The cashier got a big laugh at the thought of an ol’gal like me on the WIC program, but I turned thoughtful. Rat cheese conjured memories of rats.

In my childhood, wooden rat traps were as common as the cold. The traps were baited with rat cheese or in today’s vernacular, red-rind or hoop cheese.

Rat cheese was high on the food chain for field mice but wharf rats—or woof rats as young’uns called them – preferred fine dining. Once a woof rat ate an entire angel food cake and a sack of sweet potatoes at one outing at my granddaddy’s house.

Woof rats were bigger than a house cat and two of them could hold you down while another ate the ears off your head. At least, that’s what Pop said. And given what one did to 5 pounds of sweet potatoes, I had little doubt.

And any doubt was removed, when Dora pulled the covers up around her neck on a cold, winter’s night and left her feet sticking out. A woof rat spied her big toe and took a big bite out of it.

So much of my young life was lived in fear of woof rats. But then came the Orkin man with blocks of green rat poison and ran the rats away and the wood rat trap company almost out of business and upgraded rat cheese to red-rind.

In recent years, wharf rats had not occupied much of my mind so I was rather surprised to come face-to-face with the biggest rat I had ever seen.

My friend Sarah and I were down at the old Prestwood Mill and the owner Mr. Allen was demonstrating how the grist mill worked. In was twilight and the hanging bulb gave off only a dim light.

All of a sudden out of nowhere, there it was, this huge woof rat, standing high on its haunches with its tiny, sharp teeth exposed in a menacing grin. Its elephant ears were standing at attention and its long, black tail was in the attack position.

My heart tried to jump out of my chest and the hair stood up on the back on my neck. Sarah screamed and jumped flatfooted onto a grain push cart. The wooden floor slanted toward the grinding stone so the force of the jump set the cart in motion. Sarah went rolling and screaming across the room and stopped with a thud against the far wall.

Her hysteria had evidently scared the woof rat because it had retreated. So, I decided it was best for me to get my feet off the floor. I stepped up on a low bench cluttered with paper sacks for the meal.

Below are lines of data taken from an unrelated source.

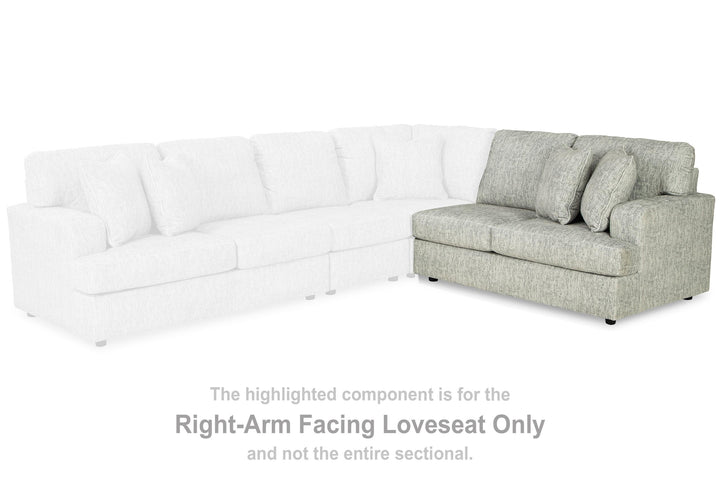 ASHLEY FURNITURE 2730456 Playwrite Right-arm Facing Loveseat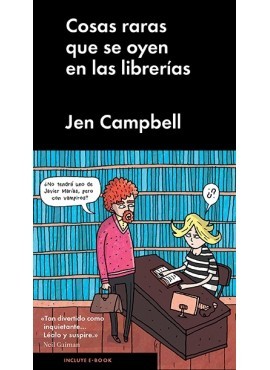 Portada del libro COSAS RARAS QUE SE OYEN EN LAS LIBRERÍAS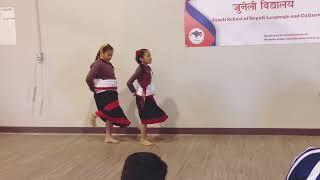 “ Siraima Sirbandi”/ How Funny/ Prianka Karki/ dance by Jasmine and Sara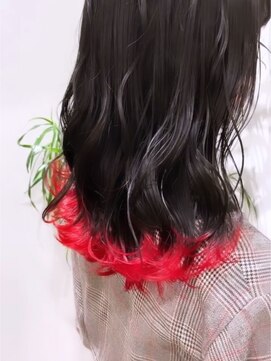 アンティガ(ANTIGA) 〈AntigaVI〉裾レッドカラー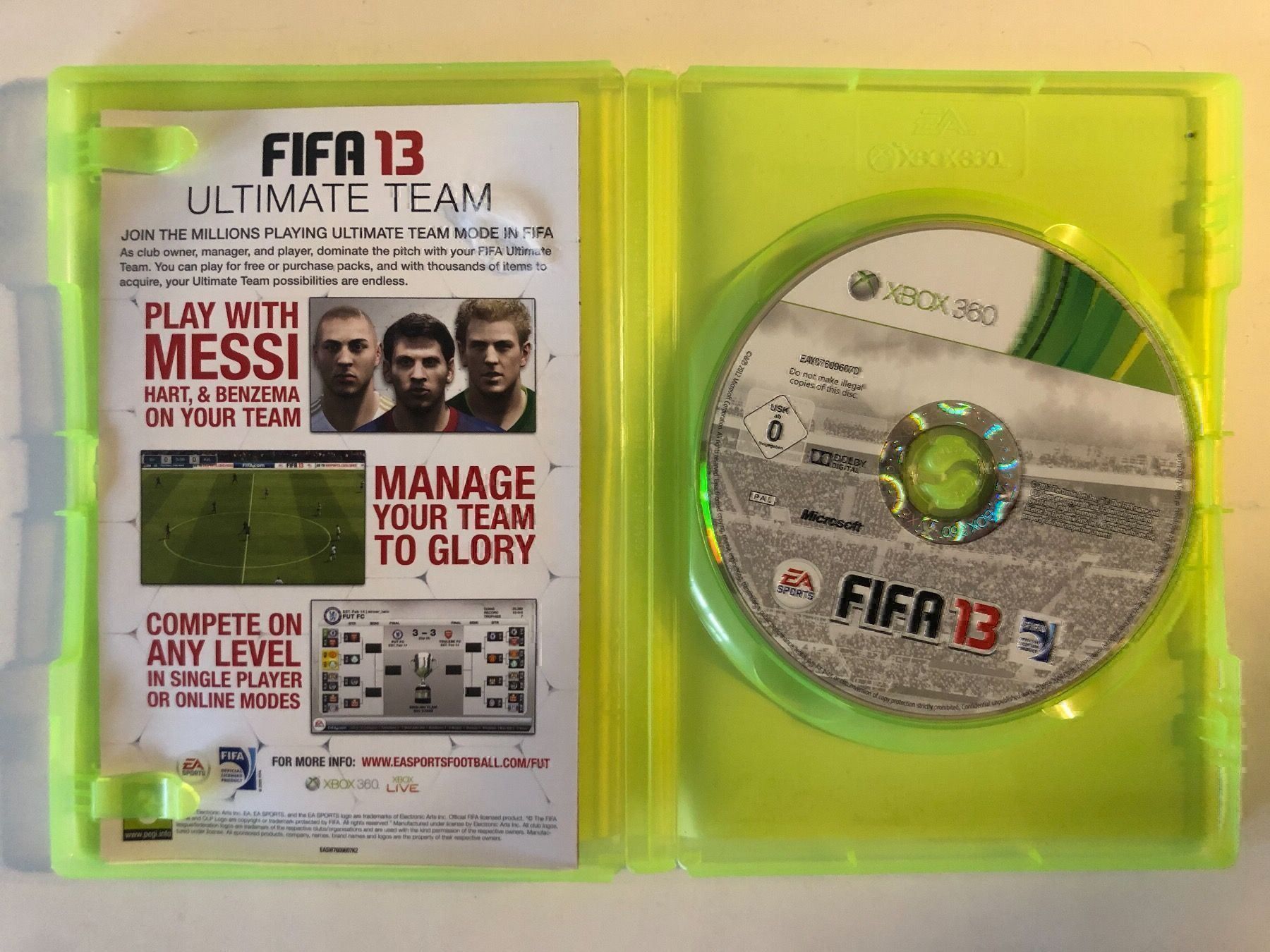 Microsoft Giochi: FIFA 13 für Xbox 360 – Usato da Kestenholz venduto da Mad18 2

Sarah was banked against the wall, whimpering, Mr. Allen had not missed a beat with his presentation and I was trying to look nonchalant about the whole thing.

Then I heard rattling in the paper sacks. And, as if we were one, Sarah and I both leaped from our perches and made a mad dash for the door.

We were in the car with the windows rolled up and the motor running when Mr. Allen appeared.

He tapped on the window and I let it down just enough to hear what he was saying.

“I thought y’all were country girls,” he said, with a hee-haw laugh.

We left him in the dust.

And, those who think that you can get the girl out of the country but you can’t get the country out of the girl, are dead wrong.

Coming face-to-face with a giant woof rat will get the country out of any girl.